Welcome to the forum


----------



## T7 BNW (Jul 20, 2008)

Ello mate,

Welcome to the forum. Looking forward to some pics. Dont forget to check the events section!


----------



## GreekTT (Jan 5, 2009)

Welcome to the forum mate 

Def waiting for some pics of yours!!!

Enjoy the ride and fire away any questions to the forum!!!


----------



## YELLOW_TT (Feb 25, 2004)

Welcome now you need to join the TTOC www.ttoc.co.uk


----------



## malstt (Apr 18, 2007)

Welcome to the forum 8)


----------



## jammyd (Oct 11, 2008)

Welcome to the forum


----------



## scott_159 (Jan 23, 2009)

i will get some pic's up asap!

i just cant wait to get my megs g220 on it!

thanks for the warm welcome

only thing with the tt is that i only have 1 key [smiley=bigcry.gif]

how can i get another key and get it coded with out paying through the teeth at audi?

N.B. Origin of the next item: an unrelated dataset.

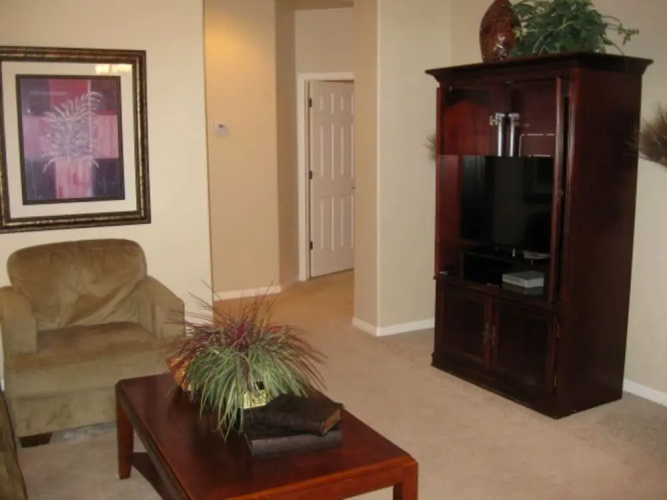 Donald Mcgregor 3 Bedroom Condo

i heard it can be dont via vag com?


----------



## T3RBO (Dec 9, 2003)

Welcome to the forum.... the main dealer is the best place to get another key


----------



## scott_159 (Jan 23, 2009)




----------



## GreekTT (Jan 5, 2009)

Very nice indeed!!!

Enjoy the ride to the fullest. What's out for the snow though... you don't want to ruin it and then keep running to the garage...


----------



## scott_159 (Jan 23, 2009)

i love the snow, been out having a play at every chance i get lol :lol:


----------



## williammc (Dec 24, 2008)

Hello and welcome,nice motor


----------